• [Try it] Everything from the line with "eyelash extensions houston" through the final line of the listing below must be retyped exactly, apart from the pictures.
Segment Start: Material supplied
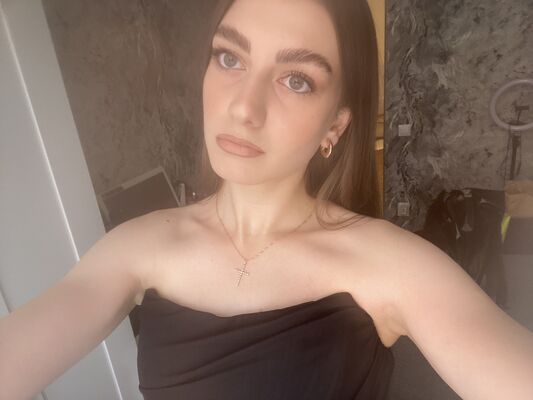  --,   , 20 ,   ,   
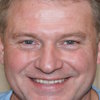 Евгений Николаев о компании Строй-Трж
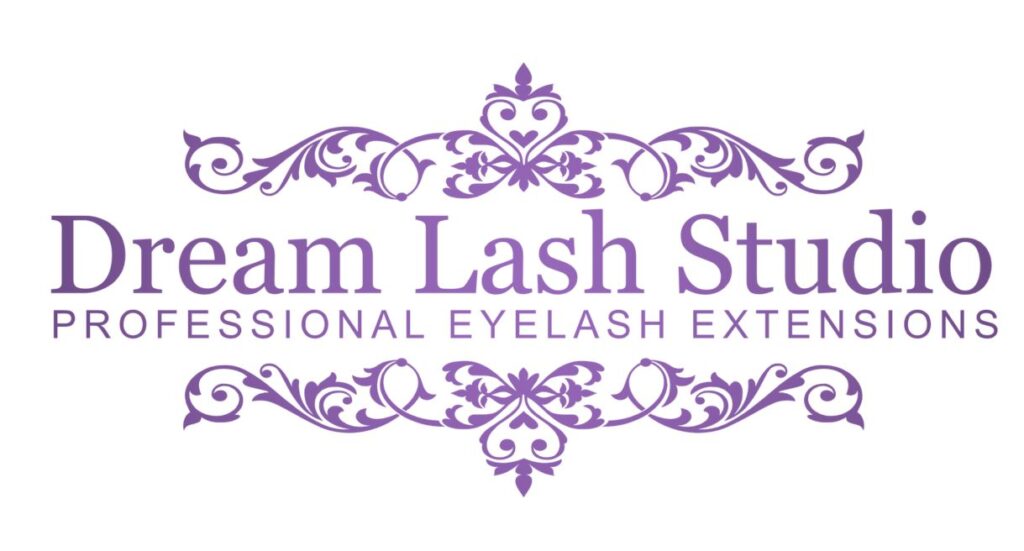 eyelash extensions houston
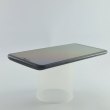 Смартфон OnePlus 6 64 GB Midnight Black USED **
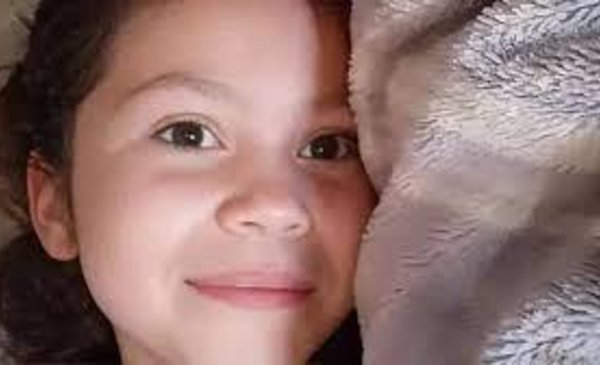 No paran las diligencias de prueba en la causa por el crimen de Kim Gómez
Segment End: Material supplied
• [Written answer]
 eyelash extensions houston
 Смартфон OnePlus 6 64 GB Midnight Black USED **
 No paran las diligencias de prueba en la causa por el crimen de Kim Gómez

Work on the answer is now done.